The argument could certainly be made that things are different in Europe with regards to the welfare state.  That there's generally a lower level of stress in a society where people are unlikely to end up living in a tent on the sidewalk, like so many thousands of people do in every city on the west coast of the US.  On the other hand, a declining standard of living is a great source of stress for people who are experiencing it, and in the US this was one of the biggest factors determining whether a voter might vote for Trump in 2016.  Regardless of the starting point, there are huge numbers of Europeans experiencing a declining standard of living, feeling very stressed about this, and voting for rightwing parties, just like in the US.

Another frequent talking point is the lack of adequate mental health care in the US.  Sane people who support universal health care point to Europe as a place that has that, where things are better.  While at this point there are some states, like Oregon, where coverage is en par with European societies, the health care situation may be one important distinction that makes the US special.  But in terms of mental health care, by my personal observation, it's sometimes not such an impressive difference.  I know many people in England who had the option of not more than five sessions with a counselor before they would be told the NHS-funded counseling sessions had come to an end.

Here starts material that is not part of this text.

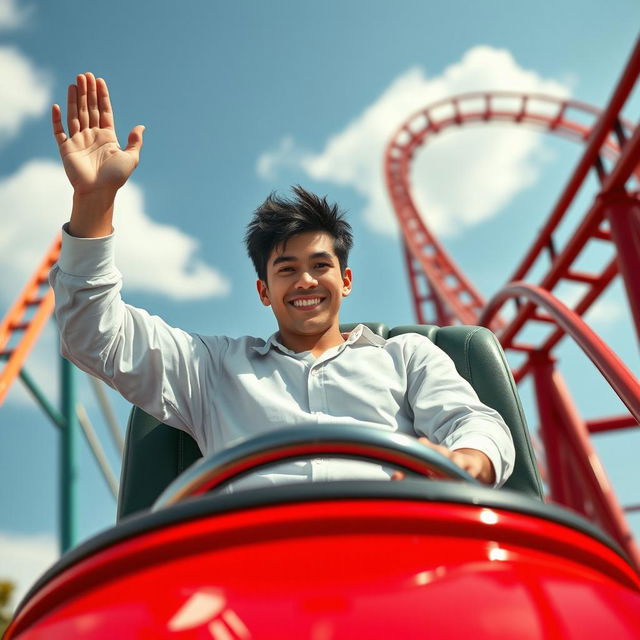 A white male with black hair riding a rollercoaster solo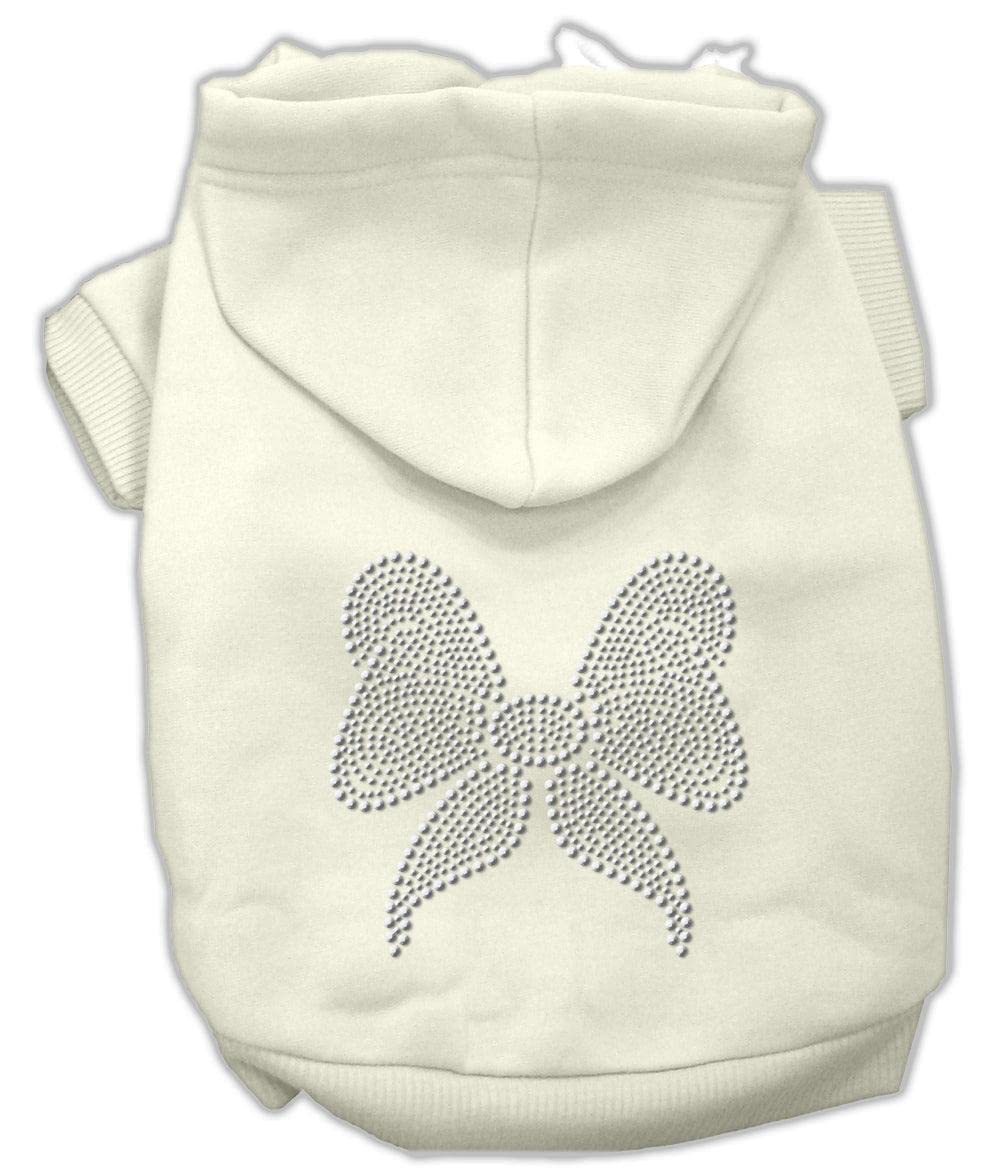 Christmas Pet Dog & Cat Hoodie Rhinestone, &quot;Bow&quot; Cream XS (0-3 lbs.)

So if Europe is also a place full of stressed-out people with declining incomes, rising immigration, insufficient mental health care, a burgeoning far right, ghettoized, racialized minorities, lots of fascists and racists, along with lots of violent men who abuse their partners and others who are inclined to take their own lives, what is it that makes us have such higher rates of homicide, suicide, femicide, and especially mass shootings?

When the shooting ended in the Netherlands in May, 1945, and the last of the German troops occupying the country surrendered, the Dutch people had lived through years of violent repression, some of which was carried out against Dutch people by other Dutch people.  The population was full of both underground antifascist fighters and organizers, as well as lots of informants and Nazi collaborators.  This situation existed in Dutch society from top to bottom.

When the Dutch government-in-exile came back to power, their first priority was the disarming of society.  The first thing they did was initiate a gun roundup.  With society so polarized and so traumatized, the last thing the government wanted was the proliferation of deadly weapons.

I think of this often, ever since I read about it in a book about the last weeks of World War 2 in the Netherlands.  I don't know whether the US today is more or less polarized than the Netherlands is today, or was back in the immediate post-war period.  But we have a hell of a lot more mass shootings and homicides here.  And as far as I can tell, there is one -- and only one -- over-riding difference between the two cases that really matters:  in the Netherlands, they took away the guns.